What Really Happens When You Run PCA on One-Hot Encoded Data?

A Visual Journey Reveals a Dangerous Data Science Artifact

Aug 11, 2025

Hi everyone,

In the world of data science, we have a standard toolkit. For categorical features, we often reach for One-Hot Encoding (OHE). For dimensionality reduction, we almost always start with Principal Component Analysis (PCA).

It seems natural to combine them. You one-hot encode your “city” or “product_category” feature, and then you run PCA on the resulting sparse matrix to reduce its dimensions. But what is PCA actually finding when you do this? The answer is both elegant and counter-intuitive, and understanding it is key to avoiding common interpretation pitfalls.

The Simple Case of Two Categories

Let's start with the simplest possible scenario: a single feature with only two categories, A and B. One-Hot Encoding transforms this into two columns. If the category is 'A', the vector is [1, 0]. If it's B, the vector is [0, 1].

Right away, we see a crucial fact: these two columns are perfectly redundant. Because the categories are mutually exclusive, the value of the B column is always 1 minus the value of the A column. This means that while we have two dimensions, there is only one degree of freedom.

This is the core idea of OHE, which we covered in detail last week. Feel free to check it out for a refresher:

A Visual Guide to One-Hot Encoding

Tomas

Aug 4

Today, we are going to go for a trip into the world of data. It's a slightly weird place where things are scattered in very specific, and surprisingly elegant, ways. Are you ready?

Read full story

What happens when we run PCA?

**Figure 1:** Visualizing PCA on a binary feature. Notice that PC1 captures 100% of the variance and perfectly connects the only two possible data points.

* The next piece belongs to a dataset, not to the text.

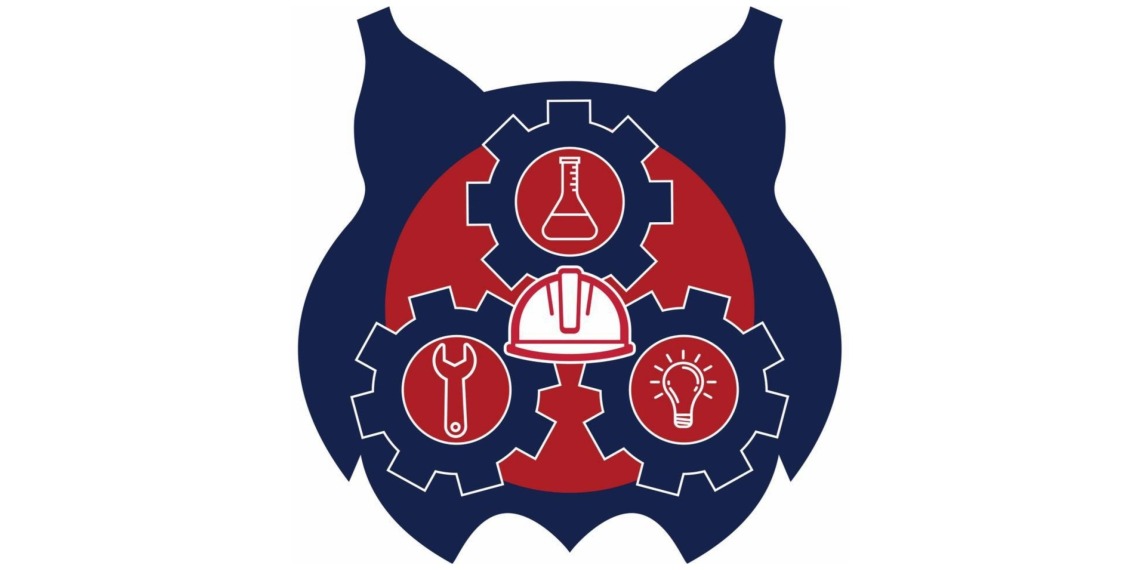 The Engineering Alumni logo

The plots above tell the whole story:

Explained Variance (Top-Left): The first principal component (PC1) captures 100% of the variance. The second (PC2) captures zero. PCA immediately identifies the redundancy.
Data Points & PC1 Direction (Top-Right): In the OHE space, our data can only exist at two points: (1, 0) and (0, 1). PCA finds the single straight line that connects these two points and explains all the variance. This line is the first principal component.
PC1 Loadings (Bottom-Middle): The loadings for PC1 are [0.707, -0.707]. This shows that PC1 represents a perfect opposition between feature A and feature B. Moving along this component means decreasing the A value and increasing the B value.

The takeaway is clear: in the simplest case, PCA doesn't discover a hidden pattern; it simply rediscovers the fundamental constraint of the encoding itself. No surprises here.

Beyond Two Categories: Probabilities vs. Eigenvalues

This is cool, but what happens with three categories? Or ten? As we increase the number of categories, k, a fascinating relationship emerges between the eigenvalues of the PCA and the underlying probabilities of the categories.

In short: the eigenvalues are not random. They are deeply connected to how frequently each category appears.

**Figure 2:** As the category probabilities move from uniform (top) to highly skewed (bottom), the corresponding eigenvalues from PCA mirror this change.

The plots above show this beautifully. For a 3-category feature:

Uniform Probabilities: When each category has an equal probability (0.333), the two non-zero eigenvalues are also equal.
Non-Uniform Probabilities: As soon as we make the probabilities unequal, the eigenvalues also become unequal, but they don't match the probabilities directly.

This relationship is governed by the covariance matrix of the OHE data. There are key properties that always hold:

Sum of eigenvalues = trace(Cov) = Σ pᵢ(1-pᵢ)
One eigenvalue is always zero due to the rank deficiency.

**Figure 3:** The covariance matrix of OHE data (top) and a confirmation that the sum of eigenvalues (red bar) always equals the sum of p(1-p) for the categories (green bar).

Share Crossroads: Where Ideas Meet

The Special Symmetry of the Uniform Distribution

The case of a uniform distribution (where all categories are equally likely) is particularly elegant. This is the state of maximum entropy—maximum uncertainty. In this state, the covariance matrix becomes perfectly symmetric.

This symmetry leads to a clean, predictable result: for k categories, you get k-1 non-zero eigenvalues that are all exactly equal to 1/k.

**Figure 4:** For uniform distributions with k=2, 3, and 4, the non-zero eigenvalues are all identical, reflecting the perfect symmetry of the data.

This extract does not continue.